YOUR ASSIGNMENT - Write out the opening lines of the data word for word, up to and including the line with "Trendy dámský koženkový", and leave every picture and every later line out.

Short text fragments from websites:
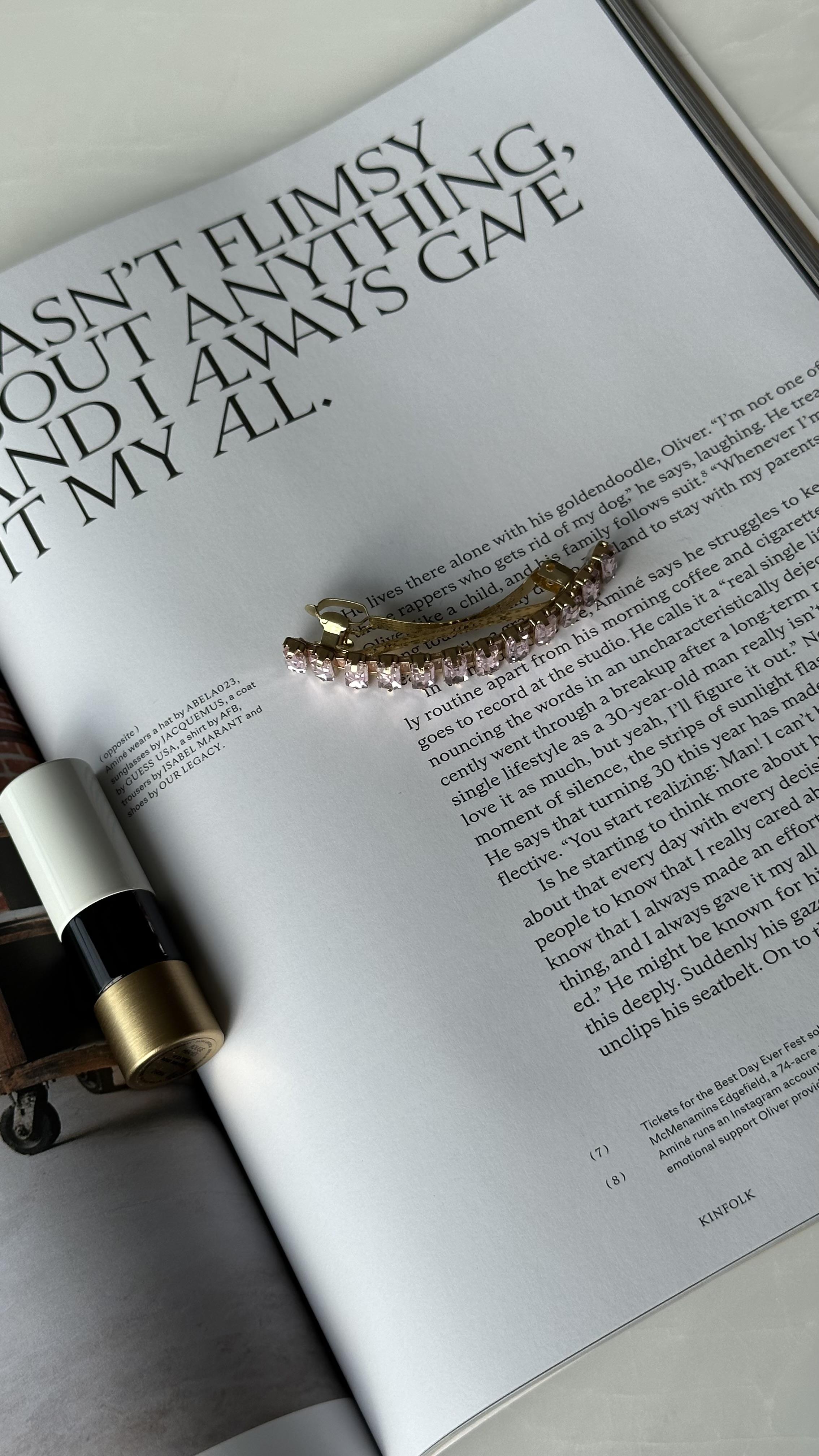 Gold Pembe Renk Dikdörtgen Taşlı Klipsli Toka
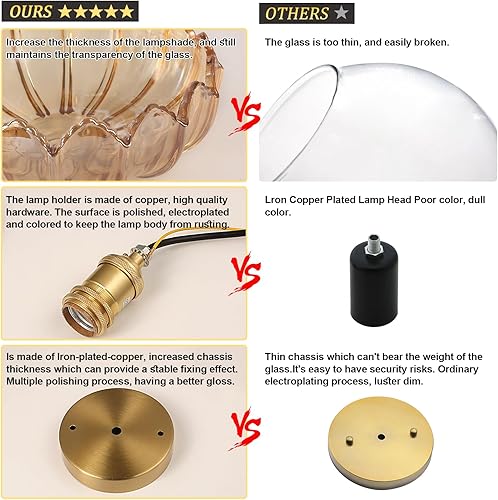 Miniatura 7 de Lámpara de techo semiempotrada, luces vintage de pasillo dorado con cristal de peonía ámbar, bombilla incluida, base de 4.72 pulgadas, lámpara de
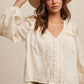Delicate Cream Embroidered Lace Blouse - Purpose + Passion Boutique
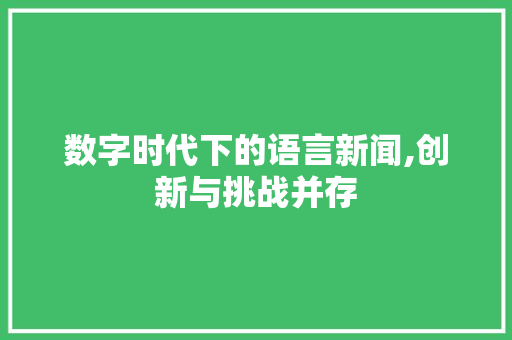 数字时代下的语言新闻,创新与挑战并存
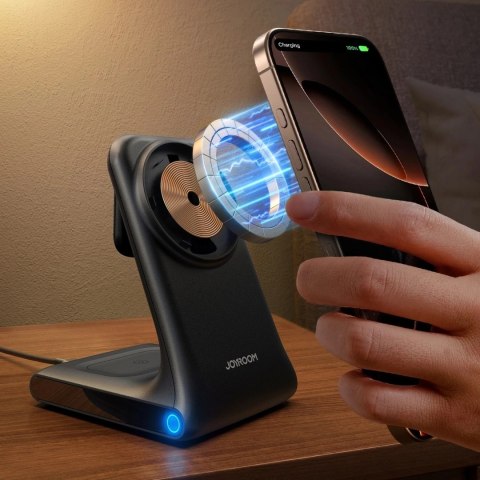 Ładowarka bezprzewodowa Joyroom 15W 3w1 stacja ładująca z MagSafe - czarna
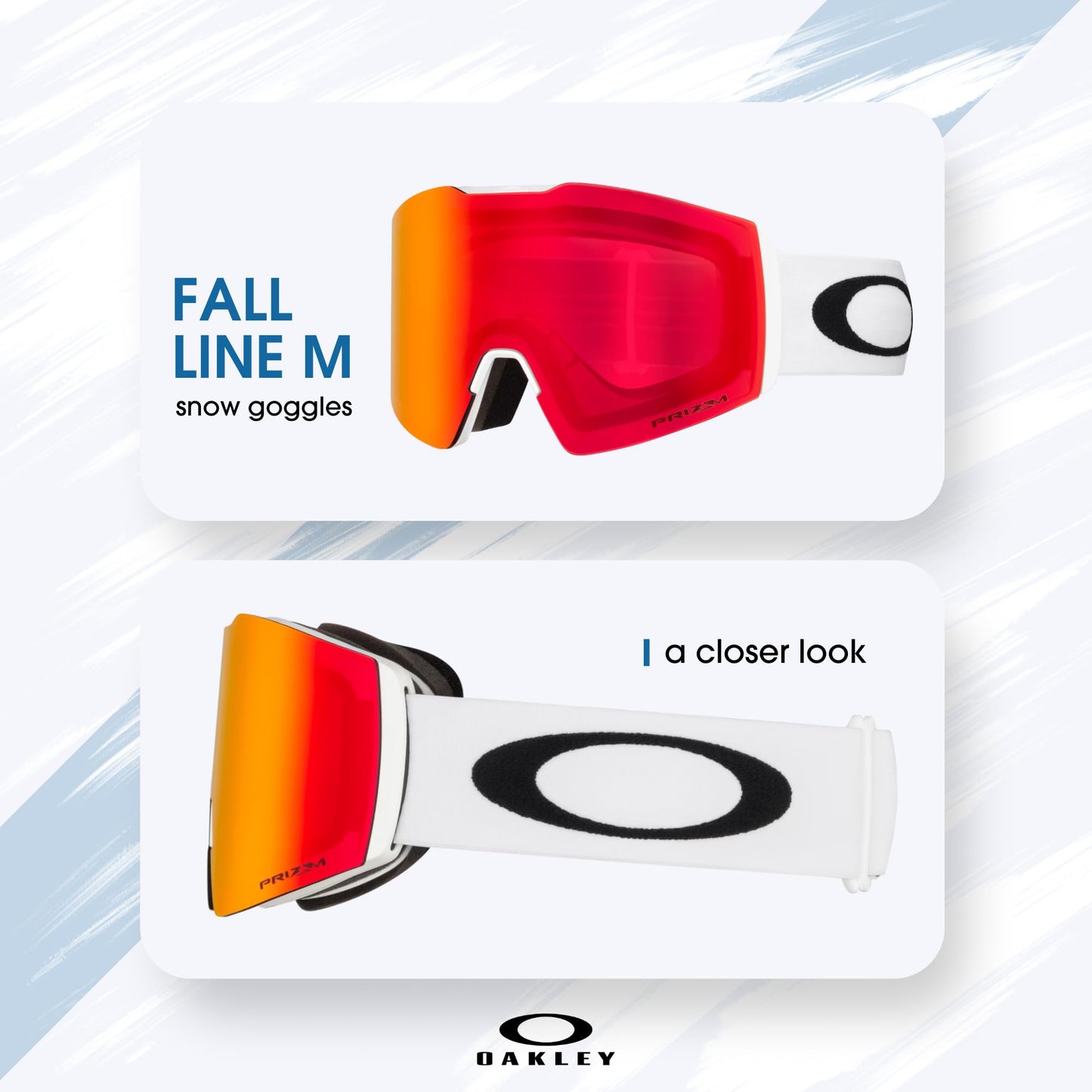 Oakley Fall Line M OO7103 Matte White/Prizm Snow Torch Iridium Ski Goggles For Men For Women + Bundle Accessory Leash Kit, Microfiber Pouch
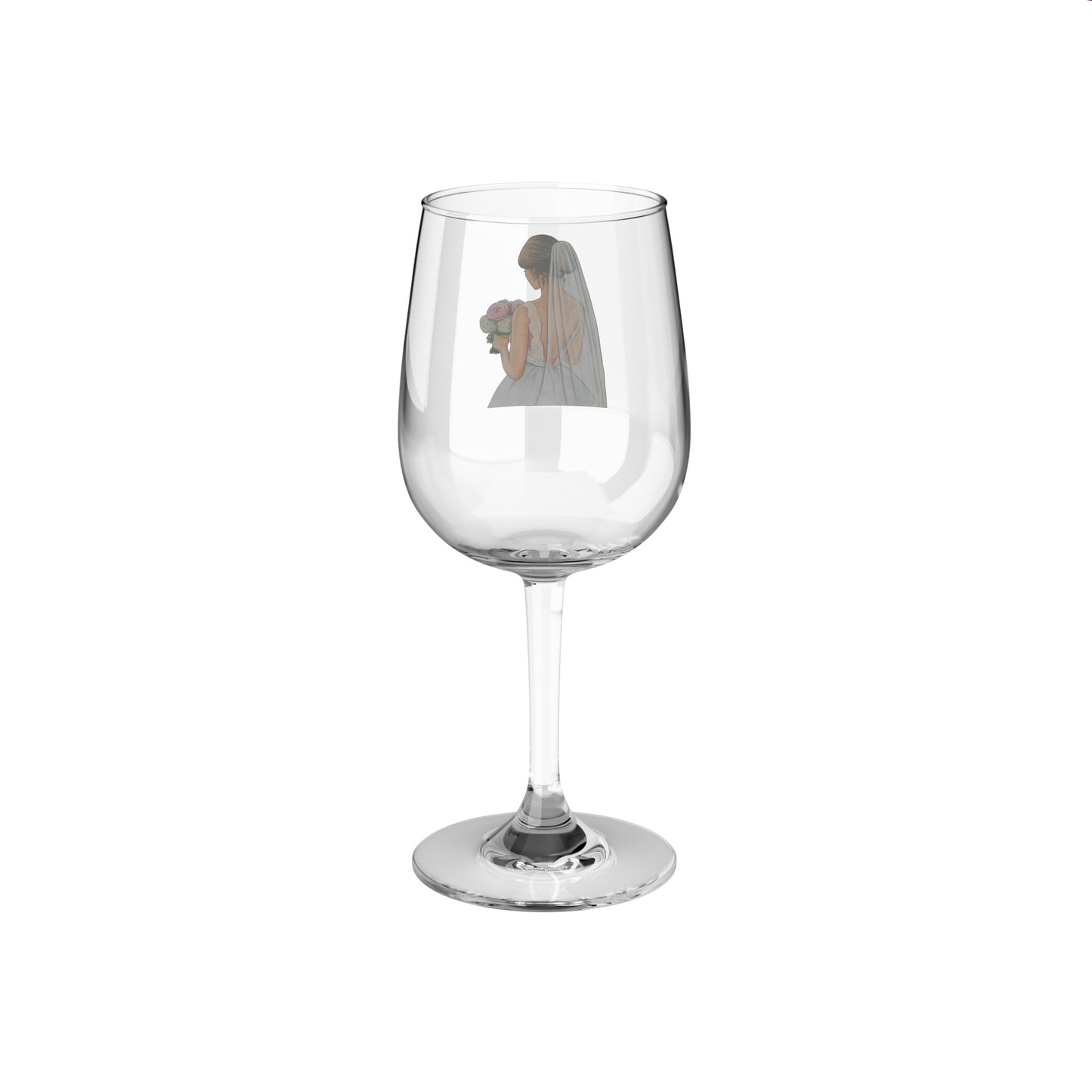 Floral Bride Wine Glass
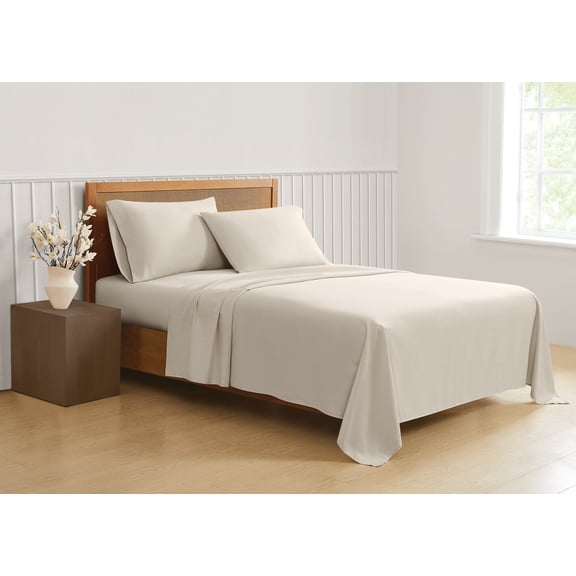 Truly Soft Green 100% Recycled Microfiber Polyester Beige 3-Piece Twin, Solid Casual themed, Adult Bedding, OEKO-TEX Certified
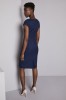 Ladies Contemporary Slash Neckline Dress, Blue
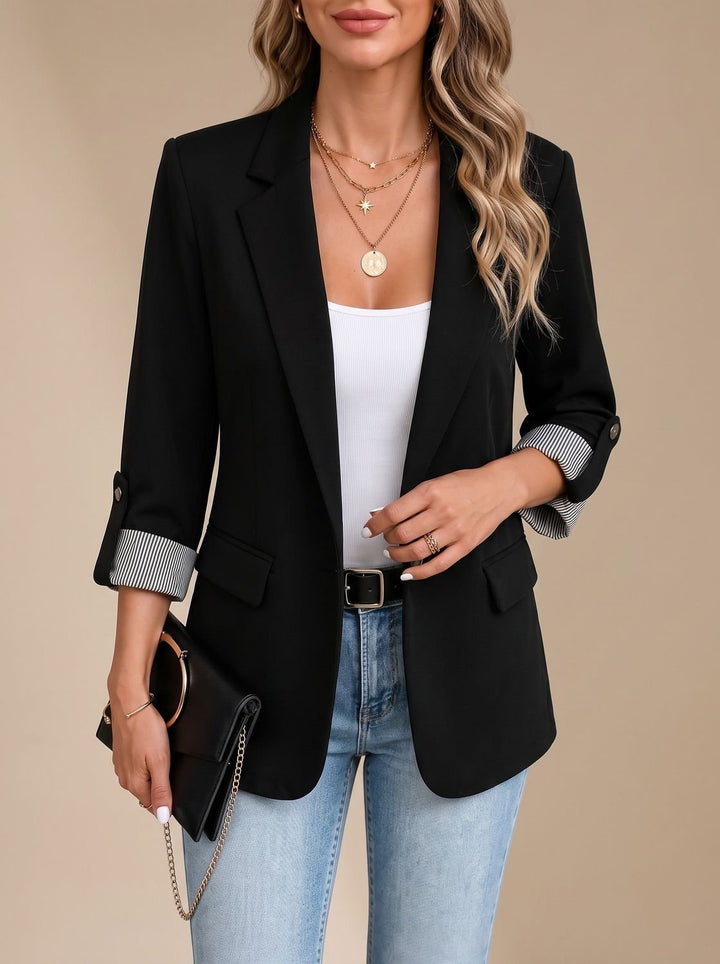Dames Getailleerde Blazer Oprolbare Mouwen Gestreepte Manchetten - Zwart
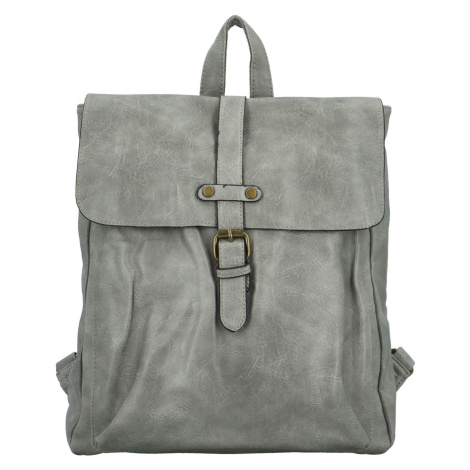 Trendy dámský koženkový batoh Stanler, šedý Paolo Bags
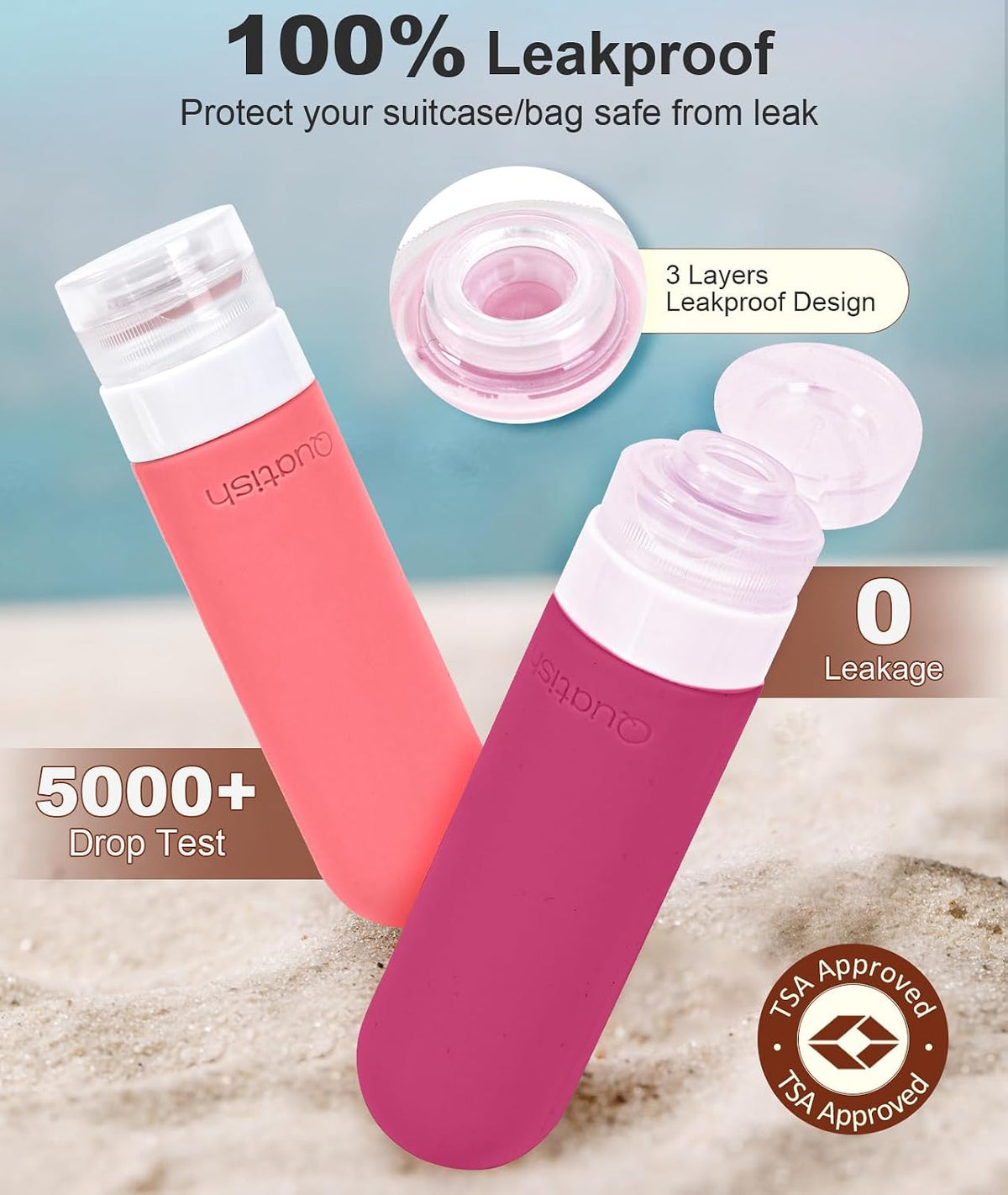 Quatish Travel Bottles for Toiletries, Original Patented Leakproof 3 oz Tsa Approved Travel Size Containers, BPA Free Silicone Shampoo and Conditioner Bottles, Camping Essentials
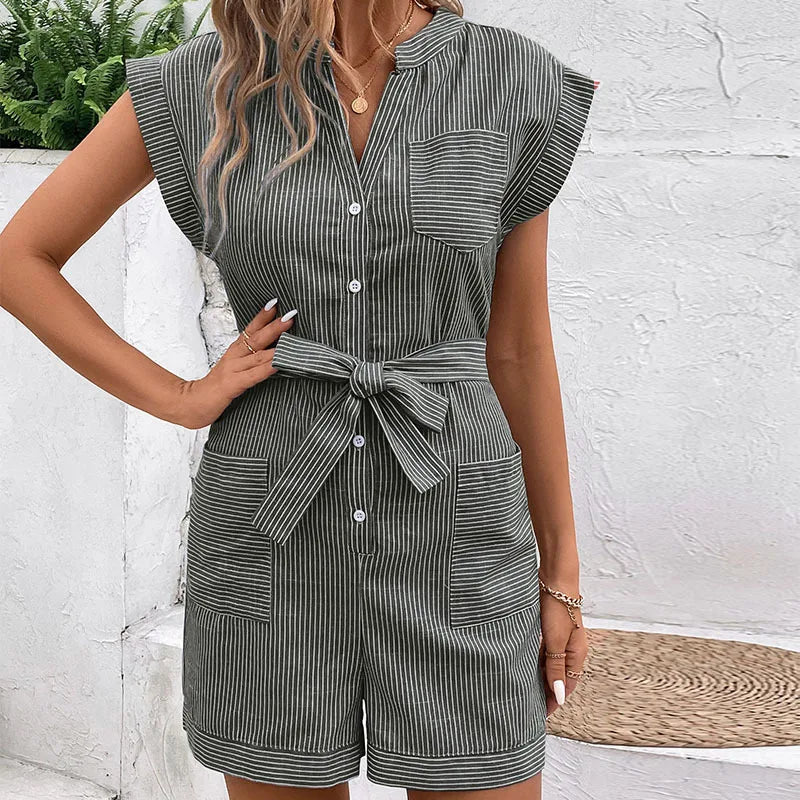 Combinaison short rayée décontractée pour femmes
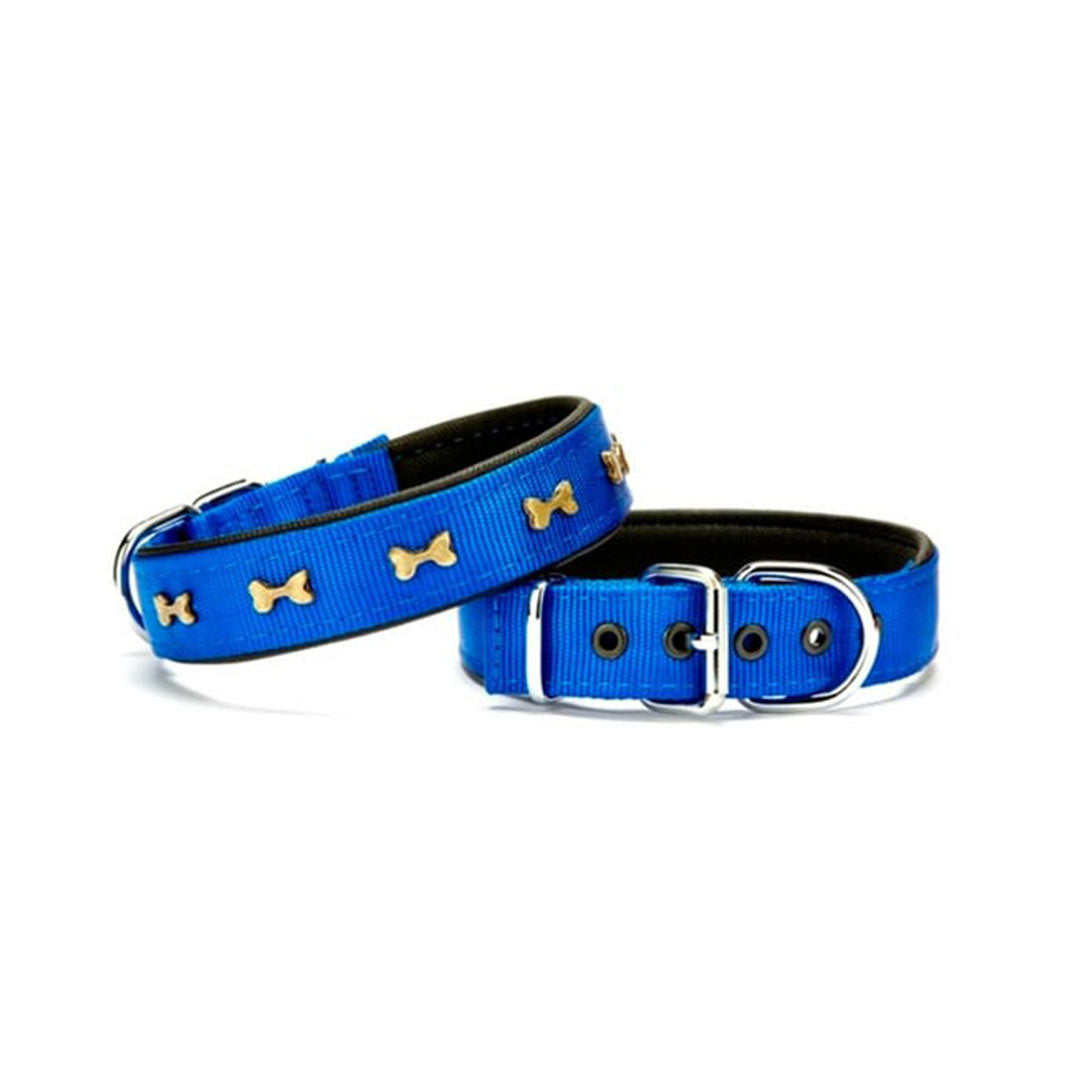 Doggie Comfort Woven Handmade Royal Blue Bone Decorated Dog Collar 2.5x37-45cm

YOUR RESPONSE -
 Gold Pembe Renk Dikdörtgen Taşlı Klipsli Toka
 Miniatura 7 de Lámpara de techo semiempotrada, luces vintage de pasillo dorado con cristal de peonía ámbar, bombilla incluida, base de 4.72 pulgadas, lámpara de
Delicate Cream Embroidered Lace Blouse - Purpose + Passion Boutique
 数字时代下的语言新闻,创新与挑战并存
 Ładowarka bezprzewodowa Joyroom 15W 3w1 stacja ładująca z MagSafe - czarna
 Oakley Fall Line M OO7103 Matte White/Prizm Snow Torch Iridium Ski Goggles For Men For Women + Bundle Accessory Leash Kit, Microfiber Pouch
 Floral Bride Wine Glass
 Truly Soft Green 100% Recycled Microfiber Polyester Beige 3-Piece Twin, Solid Casual themed, Adult Bedding, OEKO-TEX Certified
 Ladies Contemporary Slash Neckline Dress, Blue
Dames Getailleerde Blazer Oprolbare Mouwen Gestreepte Manchetten - Zwart
 Trendy dámský koženkový batoh Stanler, šedý Paolo Bags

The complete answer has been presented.